Would you print the listing that follows exactly, but without its pictures?
### GIVEN DATA
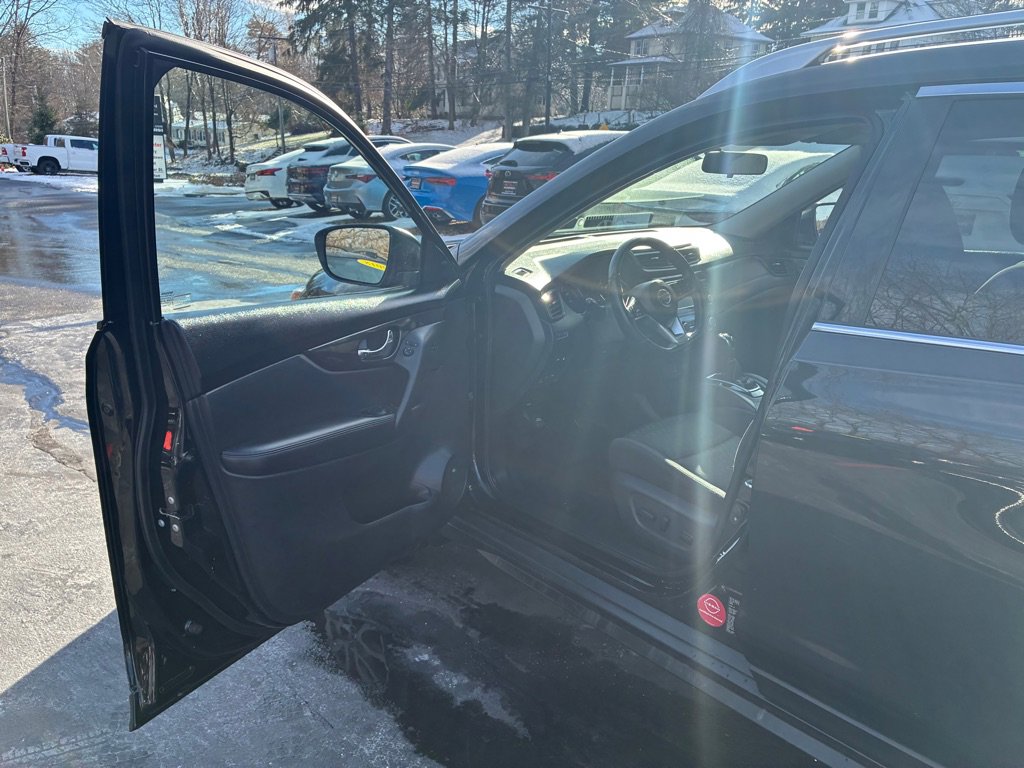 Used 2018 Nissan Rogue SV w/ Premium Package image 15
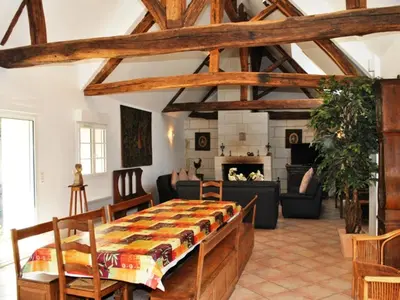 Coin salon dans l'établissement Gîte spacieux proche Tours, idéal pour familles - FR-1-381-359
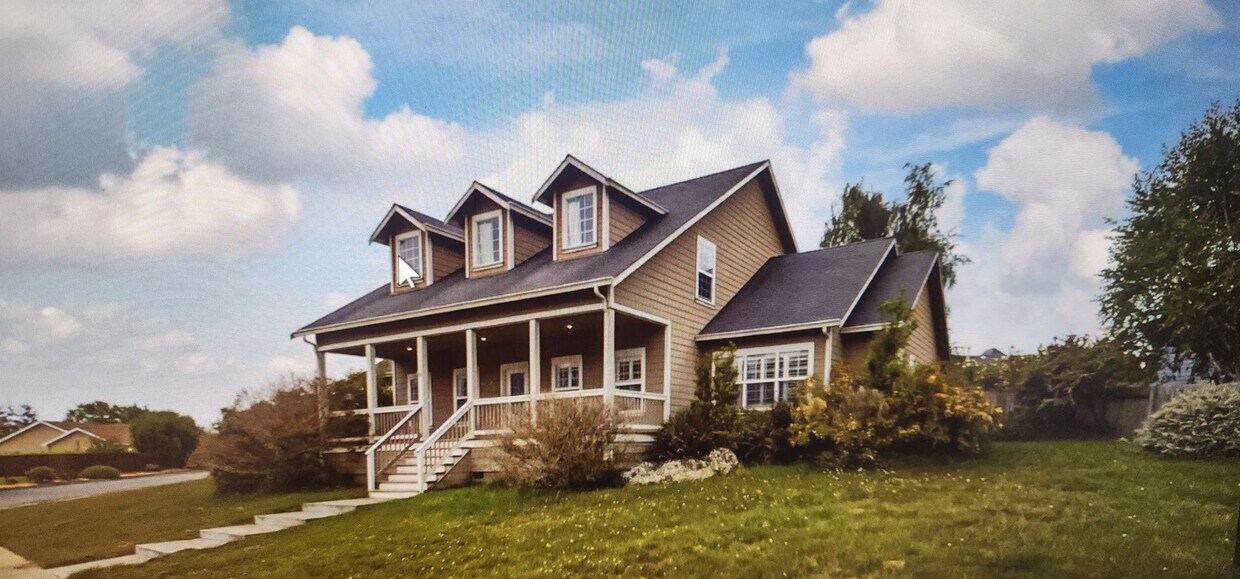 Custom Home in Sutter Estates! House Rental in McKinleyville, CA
######
__RESULT FOR THIS EXERCISE__
 Used 2018 Nissan Rogue SV w/ Premium Package image 15
 Coin salon dans l'établissement Gîte spacieux proche Tours, idéal pour familles - FR-1-381-359
 Custom Home in Sutter Estates! House Rental in McKinleyville, CA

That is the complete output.